Exercise prompt ::
Lines in the listing that hold the string "their" need to be tallied, and the total given alone.

+===+

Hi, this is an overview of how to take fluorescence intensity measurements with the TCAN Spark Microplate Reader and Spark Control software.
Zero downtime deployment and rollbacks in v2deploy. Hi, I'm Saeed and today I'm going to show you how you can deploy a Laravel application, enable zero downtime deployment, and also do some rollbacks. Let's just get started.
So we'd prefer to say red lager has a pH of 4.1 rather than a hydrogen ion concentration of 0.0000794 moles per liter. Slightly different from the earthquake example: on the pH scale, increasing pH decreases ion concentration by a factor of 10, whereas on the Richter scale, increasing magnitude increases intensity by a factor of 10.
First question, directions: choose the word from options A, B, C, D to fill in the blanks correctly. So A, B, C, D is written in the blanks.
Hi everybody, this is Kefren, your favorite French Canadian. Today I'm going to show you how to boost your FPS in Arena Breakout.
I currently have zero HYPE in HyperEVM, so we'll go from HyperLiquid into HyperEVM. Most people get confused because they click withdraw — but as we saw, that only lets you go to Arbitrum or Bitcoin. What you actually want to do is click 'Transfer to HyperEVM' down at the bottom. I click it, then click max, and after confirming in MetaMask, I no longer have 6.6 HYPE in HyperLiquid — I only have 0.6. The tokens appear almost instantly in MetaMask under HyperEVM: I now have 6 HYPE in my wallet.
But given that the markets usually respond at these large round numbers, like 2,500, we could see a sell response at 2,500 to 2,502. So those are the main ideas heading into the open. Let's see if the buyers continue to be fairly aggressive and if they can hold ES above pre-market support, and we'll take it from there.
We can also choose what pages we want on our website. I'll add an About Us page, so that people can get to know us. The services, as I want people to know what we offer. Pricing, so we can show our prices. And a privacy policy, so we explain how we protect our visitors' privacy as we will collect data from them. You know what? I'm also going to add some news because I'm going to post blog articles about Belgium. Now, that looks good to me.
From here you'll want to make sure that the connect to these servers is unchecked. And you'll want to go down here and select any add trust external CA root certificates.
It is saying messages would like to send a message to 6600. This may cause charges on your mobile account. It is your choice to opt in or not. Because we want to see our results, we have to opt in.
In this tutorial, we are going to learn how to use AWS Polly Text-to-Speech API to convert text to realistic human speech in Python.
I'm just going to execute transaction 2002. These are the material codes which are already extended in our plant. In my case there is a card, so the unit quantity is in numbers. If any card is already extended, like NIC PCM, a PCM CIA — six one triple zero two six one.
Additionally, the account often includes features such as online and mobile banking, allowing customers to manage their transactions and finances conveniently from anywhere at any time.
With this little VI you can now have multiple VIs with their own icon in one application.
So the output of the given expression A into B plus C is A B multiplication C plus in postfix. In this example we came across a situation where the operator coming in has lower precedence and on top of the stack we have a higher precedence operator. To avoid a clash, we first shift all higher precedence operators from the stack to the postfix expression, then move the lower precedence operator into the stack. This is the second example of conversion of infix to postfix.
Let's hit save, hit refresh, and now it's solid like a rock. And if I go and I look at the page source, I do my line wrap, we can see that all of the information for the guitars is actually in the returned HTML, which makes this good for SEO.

+===+

Result of this exercise ::
2